#### ABOUT THIS TASK:
Reproduce exactly only the lines from the line that holds "Isabel Marant Étoile" to the line that holds "Knurled Cabinet Knob", inclusive, in the listing below, and please leave out every picture.
*** DATA FOR THIS TASK ***
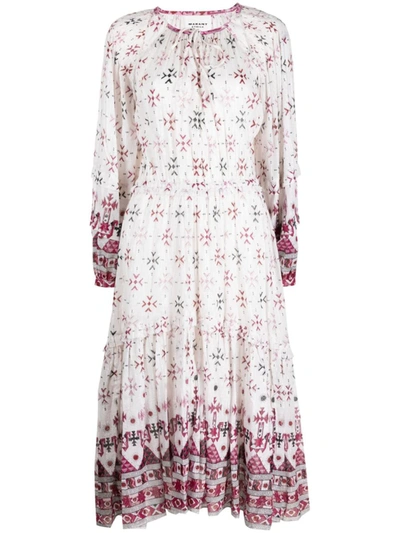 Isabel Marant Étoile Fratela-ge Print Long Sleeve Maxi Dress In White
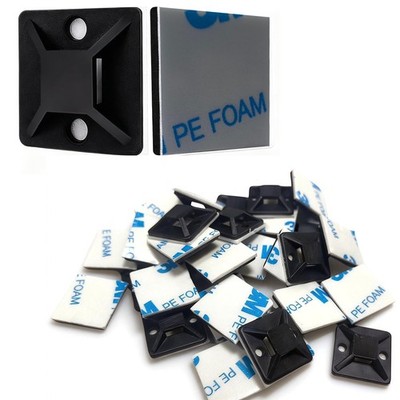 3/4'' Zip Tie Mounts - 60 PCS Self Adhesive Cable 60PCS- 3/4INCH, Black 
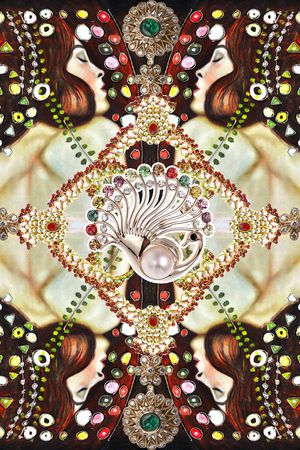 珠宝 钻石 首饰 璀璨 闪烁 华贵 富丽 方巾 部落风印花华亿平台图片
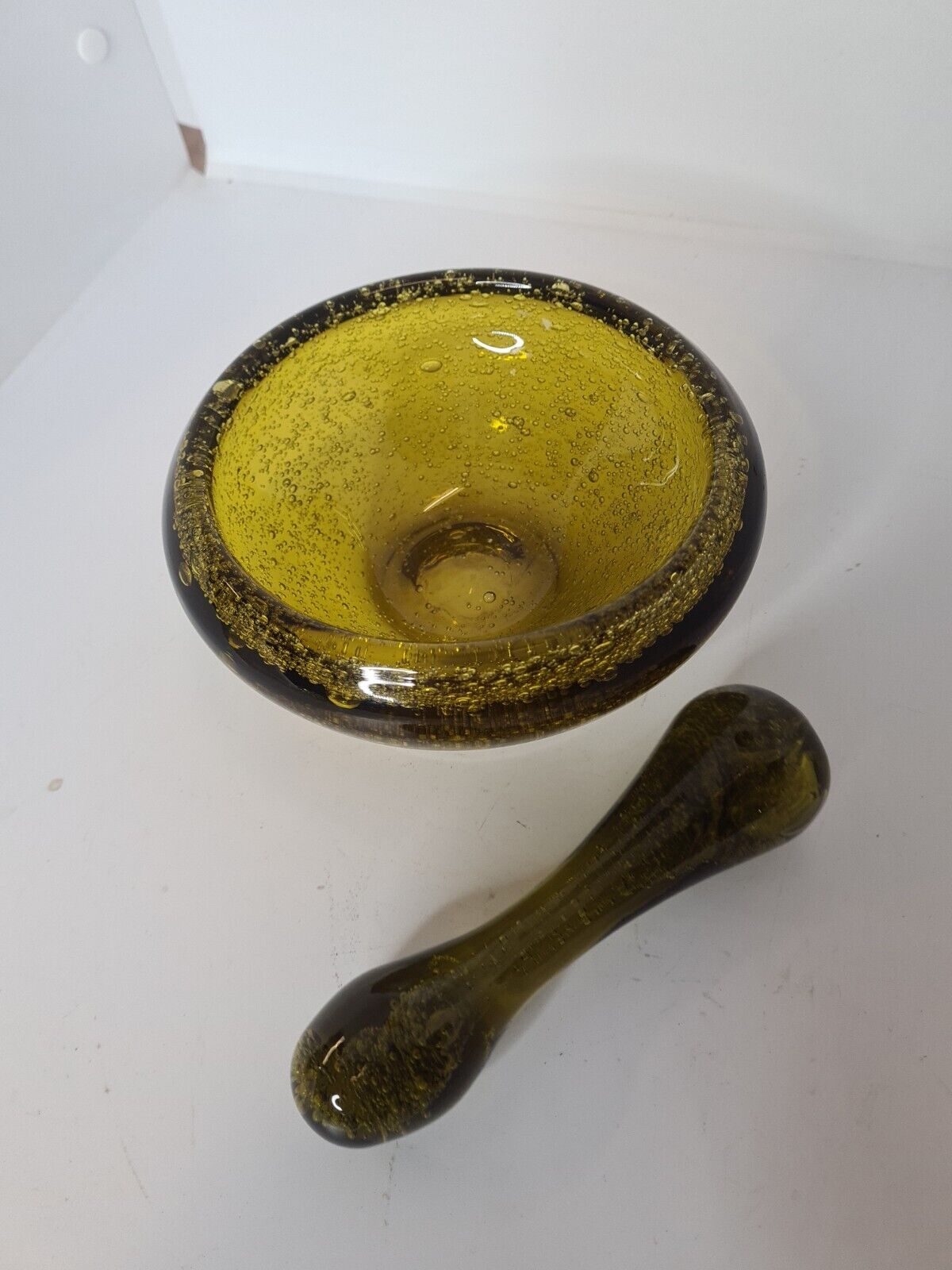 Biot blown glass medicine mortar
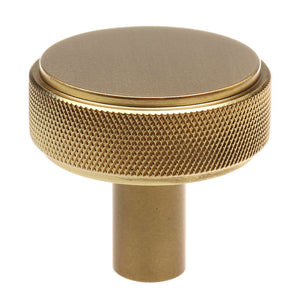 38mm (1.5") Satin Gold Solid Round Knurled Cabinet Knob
*** End of DATA FOR THIS TASK ***
*** DATA FOR THIS TASK ***
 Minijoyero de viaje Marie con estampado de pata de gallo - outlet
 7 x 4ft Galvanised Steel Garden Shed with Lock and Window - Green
*** End of DATA FOR THIS TASK ***
#### EXERCISE RESULT:
 Isabel Marant Étoile Fratela-ge Print Long Sleeve Maxi Dress In White
 3/4'' Zip Tie Mounts - 60 PCS Self Adhesive Cable 60PCS- 3/4INCH, Black 
 珠宝 钻石 首饰 璀璨 闪烁 华贵 富丽 方巾 部落风印花华亿平台图片
 Biot blown glass medicine mortar
 38mm (1.5") Satin Gold Solid Round Knurled Cabinet Knob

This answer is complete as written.